Silent Nights on the Gulf Coast

The media has lost interest in the victims of Katrina, who are living in small tents four months after the devastation caused by this hurricane. Young and old, rich and poor, black and white, all live in unimaginable squalor in the so-called richest country on earth, the U.S. of A. Thousands still live in tents, as there is a huge backlog for trailers promised by the government, and at least 10,000 more are needed. Progress is maddeningly slow, with most of the aid being provided by American and Canadian relief agencies.

Magna Corporation built a small village of houses, using the local people to help build them. I heard no mention anywhere in the U.S. mainstream media about this.

The tragedy of Katrina will worsen if the Gulf Coast is forgotten. People can not survive in tents. And FEMA trailers are not meant to be longtime homes, yet even for these there is a long waiting list.

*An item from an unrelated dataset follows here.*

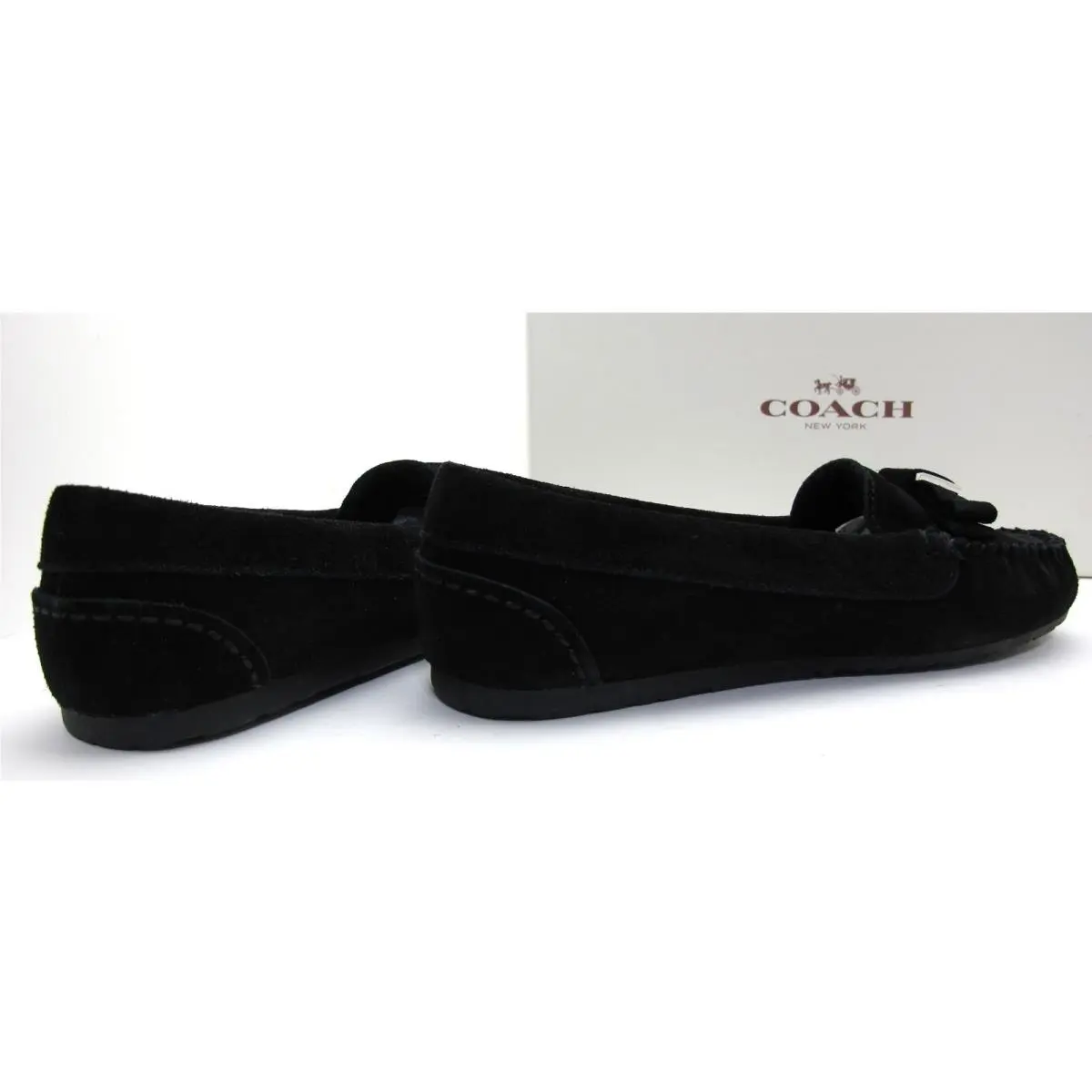 Coach shoes - COACH ALISHA - ALISHA - Black (UPC: 888542062706) 5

Best-selling author John Grisham toured the area and writes about this American tragedy in an impassioned article which is excerpted here:


"This year, the great Christmas wish in the Village was to finally get a trailer from the Federal Emergency Management Agency."

" CHARLOTTESVILLE, Virginia
In the harrowing days after Hurricane Katrina hit the Gulf Coast, the shellshocked and homeless survivors strung up tents and tarps wherever they could find standing shelter, anything to hide from the sun.

Now, four months later, many of the tents remain: in the front lawns of once fine houses now gutted and unlivable, in small clearings between mountains of rubble, beside camping trailers too cramped for entire families, on concrete slabs wiped clean by the storm surge, even in the living rooms of houses with few walls but intact roofs.

The sun is no longer the problem: instead, the most desperate of the hurricane's victims have stuffed tents of every imaginable make and model with Salvation Army blankets and mattresses to try to stay dry and warm.

There is the dismal feeling that some of these tents may not be so temporary. One tent city built by the army, dubbed "the Village," sits in the center of Pass Christian, a small town 30 miles, or 50 kilometers, west of Biloxi, at ground zero for Hurricane Katrina.

The Village is a gloomy grid of 70 tents, 10 numbered rows of seven each, housing about 150 people - old, young, black, white, poor, middle-class, some so ill that their tents are marked "Oxygen in Use." After four months, some of the shock of loss has worn off, and the people go quietly about the daily challenges of securing a warm, private shower, washing whatever clothing they have left, and hoping that their children do not fall ill."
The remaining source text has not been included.